··· RECORDED DATA

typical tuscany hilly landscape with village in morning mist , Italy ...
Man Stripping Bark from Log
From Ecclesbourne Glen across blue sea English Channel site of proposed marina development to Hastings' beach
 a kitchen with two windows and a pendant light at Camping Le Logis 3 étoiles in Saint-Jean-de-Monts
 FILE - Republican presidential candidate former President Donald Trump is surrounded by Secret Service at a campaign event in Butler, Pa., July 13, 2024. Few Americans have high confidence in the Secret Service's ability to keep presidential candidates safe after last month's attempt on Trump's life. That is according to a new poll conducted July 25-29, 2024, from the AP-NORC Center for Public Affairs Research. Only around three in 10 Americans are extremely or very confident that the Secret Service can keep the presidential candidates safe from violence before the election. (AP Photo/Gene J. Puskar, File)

······

* _WORK TASK_: The reply should consist of all the records, repeated exactly.

* _ANSWER FOR THIS EXERCISE_:
typical tuscany hilly landscape with village in morning mist , Italy ...
Man Stripping Bark from Log
From Ecclesbourne Glen across blue sea English Channel site of proposed marina development to Hastings' beach
 a kitchen with two windows and a pendant light at Camping Le Logis 3 étoiles in Saint-Jean-de-Monts
 FILE - Republican presidential candidate former President Donald Trump is surrounded by Secret Service at a campaign event in Butler, Pa., July 13, 2024. Few Americans have high confidence in the Secret Service's ability to keep presidential candidates safe after last month's attempt on Trump's life. That is according to a new poll conducted July 25-29, 2024, from the AP-NORC Center for Public Affairs Research. Only around three in 10 Americans are extremely or very confident that the Secret Service can keep the presidential candidates safe from violence before the election. (AP Photo/Gene J. Puskar, File)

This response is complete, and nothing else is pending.